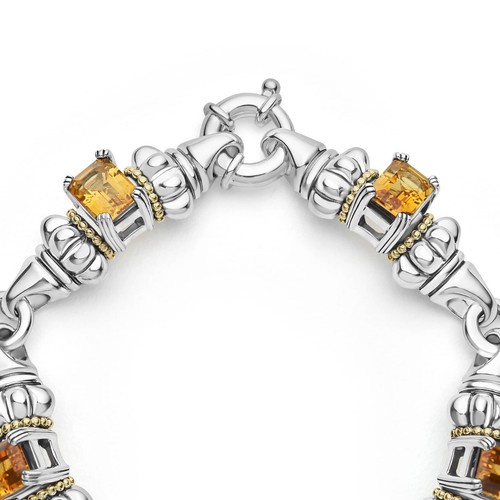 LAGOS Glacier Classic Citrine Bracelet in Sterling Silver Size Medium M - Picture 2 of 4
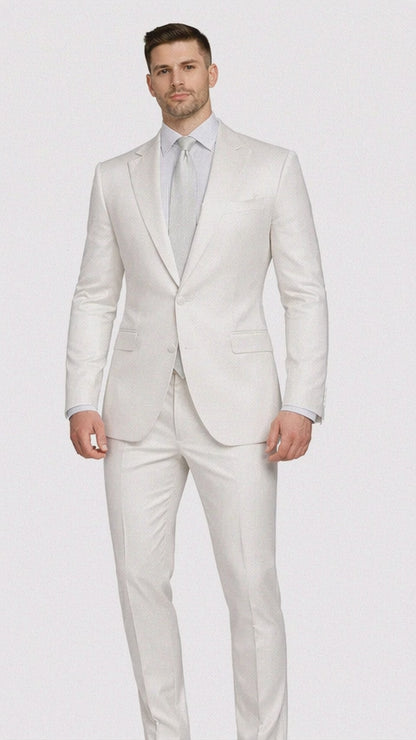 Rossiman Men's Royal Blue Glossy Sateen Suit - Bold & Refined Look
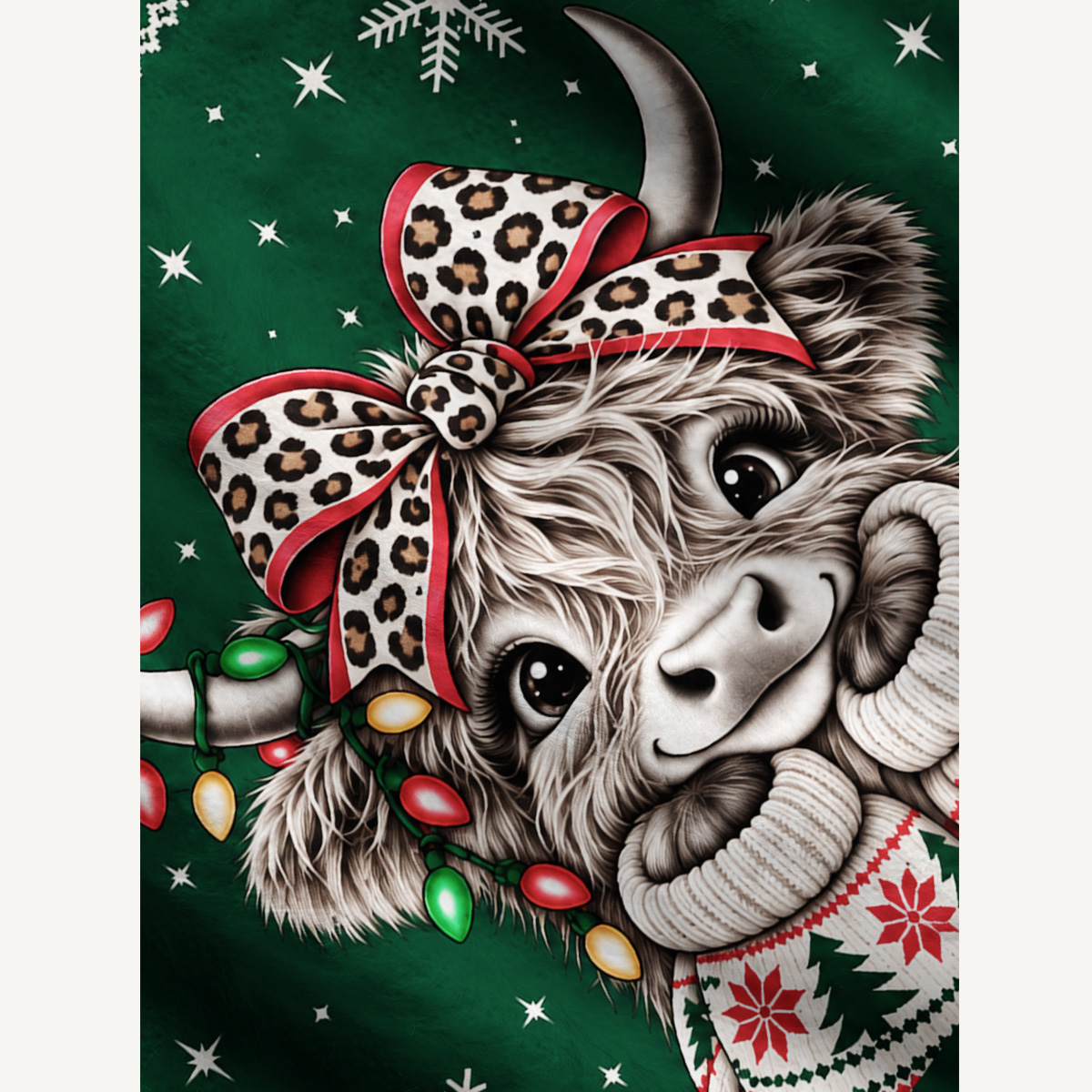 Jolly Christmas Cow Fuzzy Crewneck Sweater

====================

Problem to work on:
Return the listing above verbatim and exclude every picture.

Answer to this exercise:
 LAGOS Glacier Classic Citrine Bracelet in Sterling Silver Size Medium M - Picture 2 of 4
 Rossiman Men's Royal Blue Glossy Sateen Suit - Bold & Refined Look
 Jolly Christmas Cow Fuzzy Crewneck Sweater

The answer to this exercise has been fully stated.